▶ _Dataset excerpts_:
☆ ☆ ☆
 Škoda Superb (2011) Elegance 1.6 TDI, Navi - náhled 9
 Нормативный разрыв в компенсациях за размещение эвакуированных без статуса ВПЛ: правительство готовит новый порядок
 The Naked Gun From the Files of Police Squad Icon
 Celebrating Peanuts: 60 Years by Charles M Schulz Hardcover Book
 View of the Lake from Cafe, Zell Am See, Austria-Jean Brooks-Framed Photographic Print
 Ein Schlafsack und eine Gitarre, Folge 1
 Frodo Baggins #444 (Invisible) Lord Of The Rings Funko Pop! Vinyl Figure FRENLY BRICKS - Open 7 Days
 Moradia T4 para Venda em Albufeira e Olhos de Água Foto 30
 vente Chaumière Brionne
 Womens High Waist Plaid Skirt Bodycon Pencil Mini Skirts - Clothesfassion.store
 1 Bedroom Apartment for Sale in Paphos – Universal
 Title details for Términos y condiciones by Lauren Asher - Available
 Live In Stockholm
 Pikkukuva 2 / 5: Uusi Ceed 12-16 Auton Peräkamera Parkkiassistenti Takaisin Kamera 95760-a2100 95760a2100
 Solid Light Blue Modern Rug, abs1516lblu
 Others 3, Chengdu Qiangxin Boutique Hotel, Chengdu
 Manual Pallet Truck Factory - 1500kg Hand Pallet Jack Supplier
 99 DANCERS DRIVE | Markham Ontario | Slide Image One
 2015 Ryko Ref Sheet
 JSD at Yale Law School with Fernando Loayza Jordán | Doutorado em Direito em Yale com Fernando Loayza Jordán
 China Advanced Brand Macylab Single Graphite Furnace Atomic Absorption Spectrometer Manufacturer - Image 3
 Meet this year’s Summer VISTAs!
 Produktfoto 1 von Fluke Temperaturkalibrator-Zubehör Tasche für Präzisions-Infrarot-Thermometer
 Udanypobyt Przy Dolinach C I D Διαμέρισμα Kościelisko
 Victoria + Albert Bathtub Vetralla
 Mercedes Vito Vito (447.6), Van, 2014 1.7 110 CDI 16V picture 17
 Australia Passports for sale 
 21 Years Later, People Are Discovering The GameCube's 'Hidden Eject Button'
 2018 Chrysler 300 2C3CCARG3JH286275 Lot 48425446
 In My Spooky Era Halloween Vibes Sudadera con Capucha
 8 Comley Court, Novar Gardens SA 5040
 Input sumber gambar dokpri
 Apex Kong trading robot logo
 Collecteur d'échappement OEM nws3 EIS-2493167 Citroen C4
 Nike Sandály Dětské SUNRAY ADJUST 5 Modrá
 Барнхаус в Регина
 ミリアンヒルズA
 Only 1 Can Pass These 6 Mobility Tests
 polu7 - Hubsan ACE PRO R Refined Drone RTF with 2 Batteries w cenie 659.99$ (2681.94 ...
☆ ☆ ☆
▶ _EXERCISE PROMPT_: The answer is to be one number: the count of lines in the entries containing the string "with".

▶ _ANSWER BOX_: 2